Chapter 21

Ten Statistical and Graphical Tips and Traps

IN THIS CHAPTER

Determining significance

Being wary of graphs

Being cautious with regression

Using concepts carefully

The world of statistics is full of pitfalls, but it’s also full of opportunities. Whether you’re a user of statistics or someone who has to interpret them, it’s possible to fall into the pitfalls. It’s also possible to walk around them. Here are ten tips and traps from the areas of hypothesis testing, regression, correlation, and graphs.

Significant Doesn’t Always Mean Important

As I say earlier in the book, significance is, in many ways, a poorly chosen term. When a statistical test yields a significant result, and the decision is to reject H0, that doesn’t guarantee that the study behind the data is an important one. Statistics can only help decision making about numbers and inferences about the processes that produced them. They can’t make those processes important or earth shattering. Importance is something you have to judge for yourself — and no statistical test can do that for you.

Trying to Not Reject a Null Hypothesis Has a Number of Implications

Let me tell you a story: Some years ago, an industrial firm was trying to show that it was finally in compliance with environmental clean-up laws. The company took numerous measurements of the pollution in the body of water surrounding its factory, compared the measurements with a null hypothesis-generated set of expectations, and found that it couldn’t reject H0 with α = .05. The measurements didn’t differ significantly (there’s that word again) from “clean” water.

This, the company claimed, was evidence that it had cleaned up its act. Closer inspection revealed that the data approached significance, but the pollution wasn’t quite of a high enough magnitude to reject H0. Does this mean the company is not polluting?

Not at all. In striving to “prove” a null hypothesis, the company had stacked the deck in favor of itself. It set a high barrier to get over, didn’t clear it, and then patted itself on the back.

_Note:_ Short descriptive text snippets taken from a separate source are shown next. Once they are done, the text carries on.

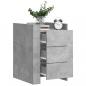 Preview: ARDEBO.de - Nachttisch Betongrau 45x50x65 cm Holzwerkstoff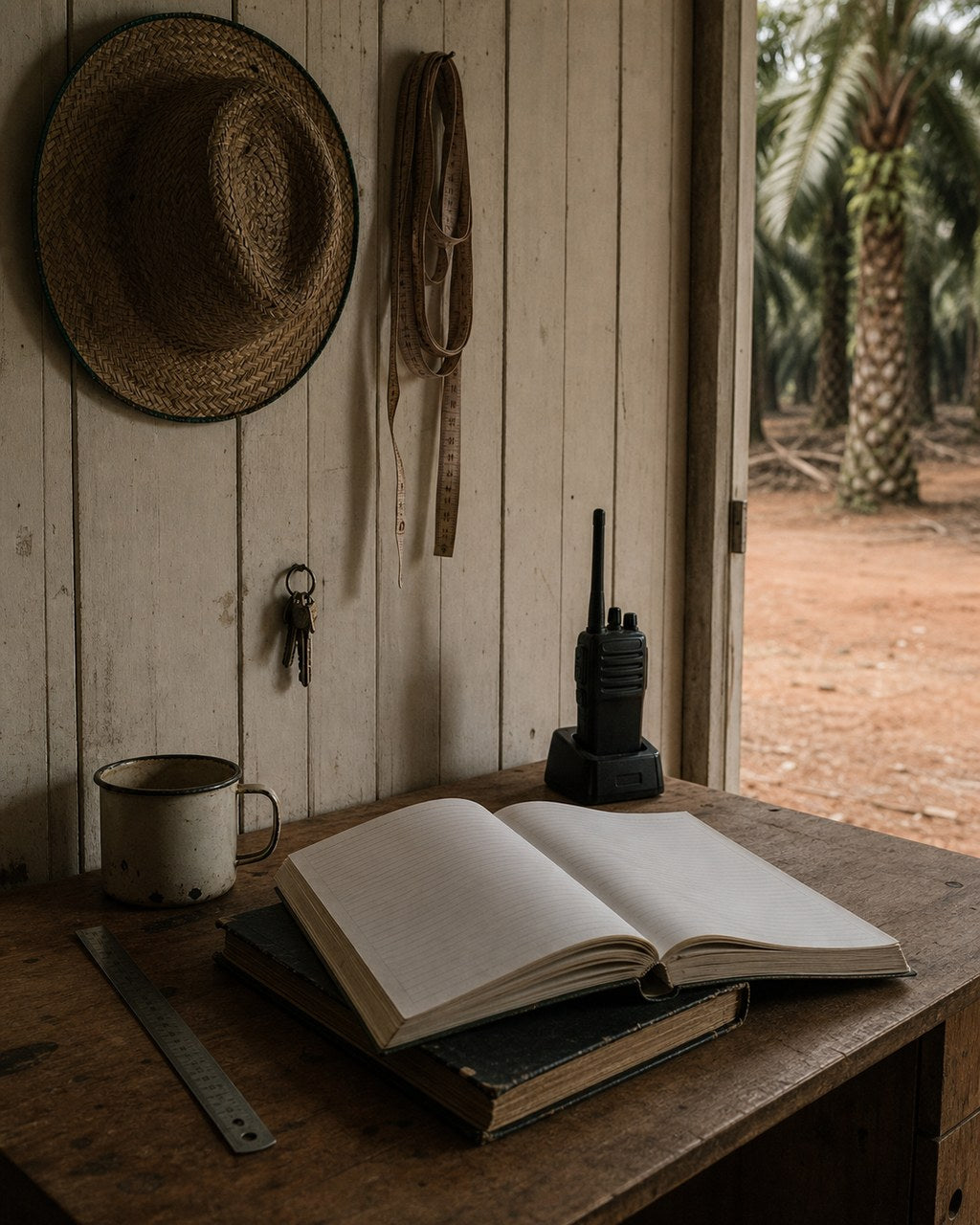 A plank-walled estate shed: a woven straw hat and a cloth measuring tape hang on the wall beside a nail of keys, a handheld radio stands in its charging cradle, and an open blank ledger lies on two older bound books on a wooden desk with a steel rule and an enamel mug. The doorway opens onto red earth and oil palms.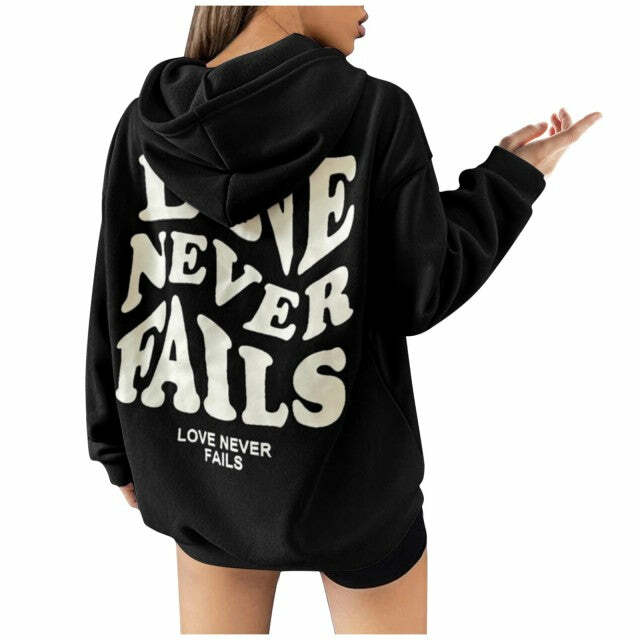 Love Never Fails Aesthetic Hoodie - Y2K Summer Grunge, 90s Retro, Pastel Goth, Y2K Club Outfit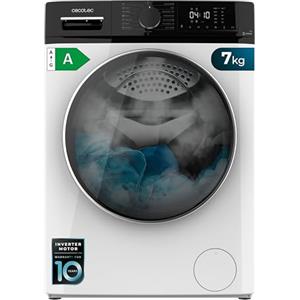 Cecotec Lavatrice Carica Frontale 7kg Bolero Dresscode 7610 Inverter A. Bianco, 1400 Giri/Min, Funzione Vapore, Motore Inverter Plus, 15 Programmi, Classe A, Display LED, Sistema Antischiuma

Every so often, it’s appropriate to try and not reject H0. When you set out on that path, be sure to set a high value of α (about .20–.30), so that small divergences from H0 cause rejection of H0. (I discuss this topic in Chapter 10, and I mention it in other parts of the book. I think it’s important enough to mention again here.)

Regression Isn’t Always Linear

When trying to fit a regression model to a scatterplot, the temptation is to immediately use a line. This is the best-understood regression model, and when you get the hang of it, slopes and intercepts aren’t all that daunting.

But linear regression isn’t the only kind of regression. It’s possible to fit a curve through a scatterplot. I won’t kid you: The statistical concepts behind curvilinear regression are more difficult to understand than the concepts behind linear regression.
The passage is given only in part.